The preliminary figures for gross domestic product issued yesterday by the Commerce Department will be revised twice in the coming weeks. But the autumn and early winter boom, which produced fourth- quarter 1993 growth of 7 per cent, is clearly over.

Analysts had been expecting expansion of 3 to 3.5 per cent in the January-March period. In the event an icy winter, rising interest rates and weak exports depressed performance even more.

The government also reported a March rise of only 0.4 per cent in factory orders, also smaller than predicted.

The new data support White House estimates that the economy will grow by around 3 per cent this year, too little to rekindle inflation. However GDP-related inflation doubled to 2.6 per cent in the first quarter, the highest figure in a year and one that explains the Fed's recent increase in short-term interest rates.

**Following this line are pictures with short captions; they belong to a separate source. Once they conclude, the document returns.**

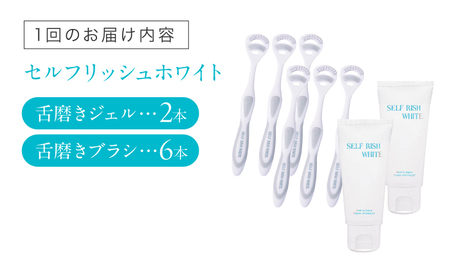 【全6回定期便】 セルフリッシュホワイト 舌磨きジェル ミントフレーバー風味 2本(100g) ＆ 舌磨きブラシ 6本 愛媛県大洲市/Gross Mountain合同会社 歯磨き粉 歯ブラシ 舌磨き ホワイトニング 歯周病 ジェル 口臭予防 オーラルケア[AGCQ064]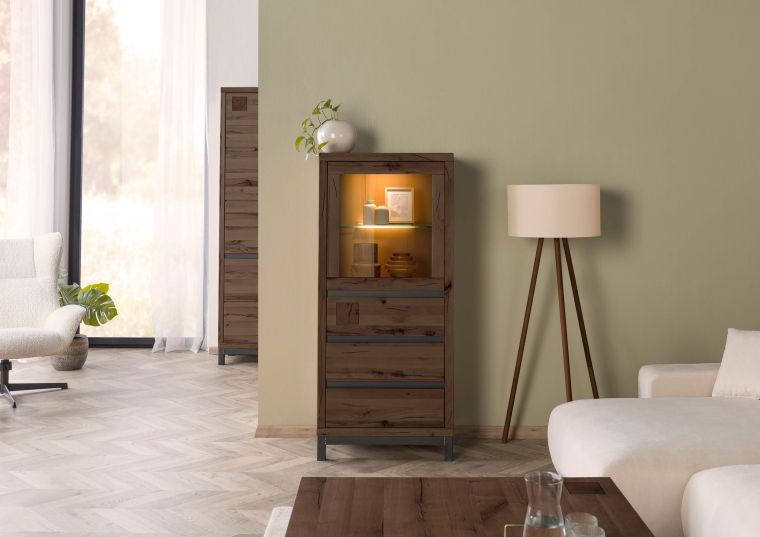 Vitrine Kernbuche 65x40x148 tabacco braun geölt VILLANDERS #203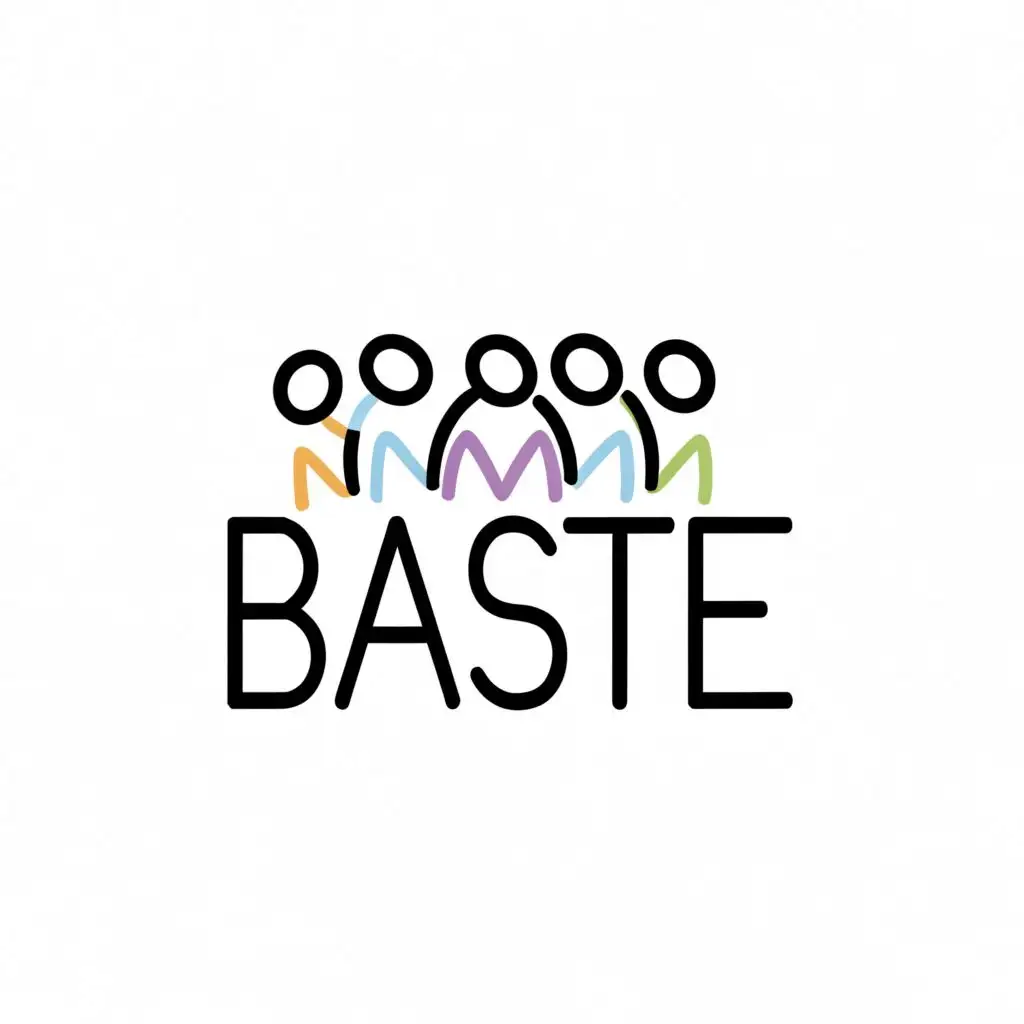 logo, simple human drawings cool, with the text "Baste", typography, be used in Entertainment industry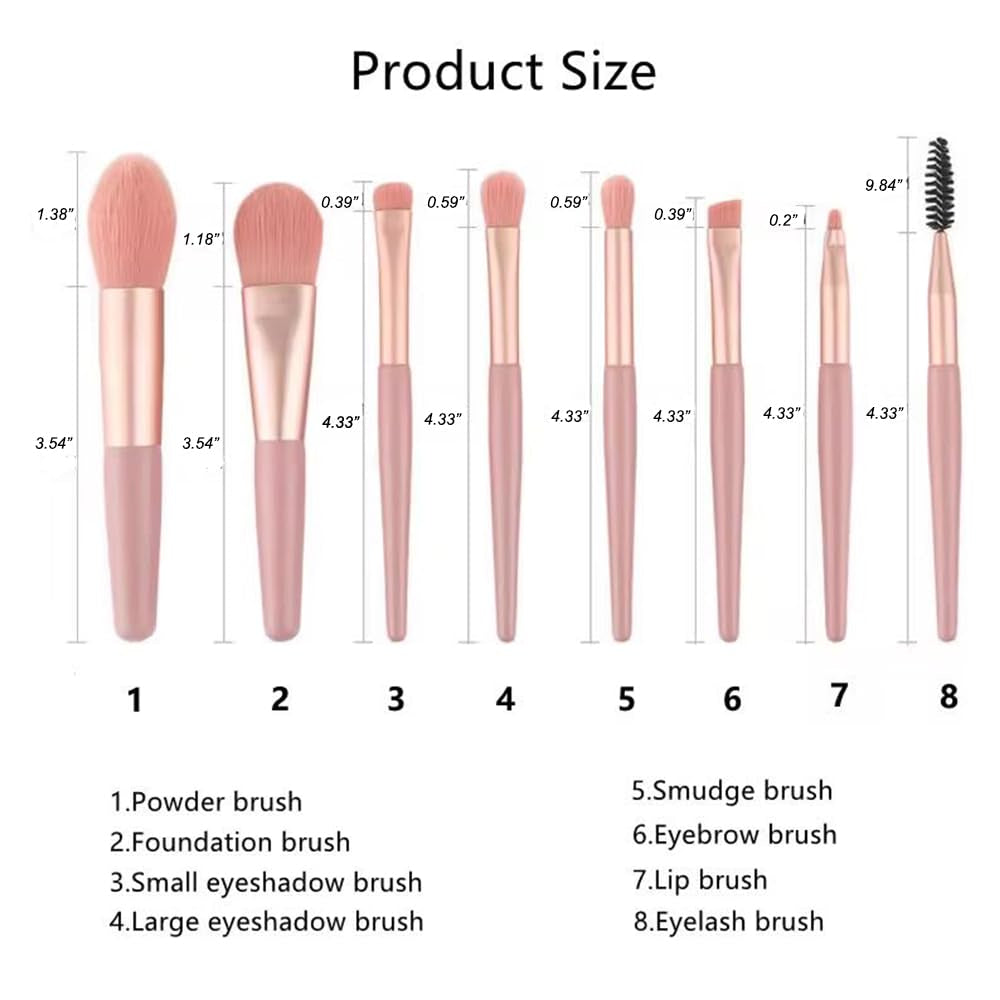10 Sets Travel Makeup Brush Set Brushes Bag Face Make up Brushes Angled Blush Brush for Wedding Bridal Shower Favors Bachelorette Party Gift (Apricot Pink)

The conflicting signals sent bond prices skidding. After an early increase prompted by the slower growth rate, the benchmark 30-year Treasury bond changed direction by mid-session, tumbling more than one and a half points as traders focused on the worrying inflation trend. The yield jumped to 7.2 per cent from 7.1 per cent.

Already higher long-term rates have made mortgages more expensive, weighing on the housing market. The rise in the GDP deflator, analysts say, means the Fed will probably continue its strategy of nudging short-term rates higher, after the 0.75 per cent increase already in 1994.

Following the surge late last year, consumer spending slowed sharply in the first quarter, increasing at an annual rate of only dollars 32bn, less than half the rate in late 1993. One reason could be smaller pay increases.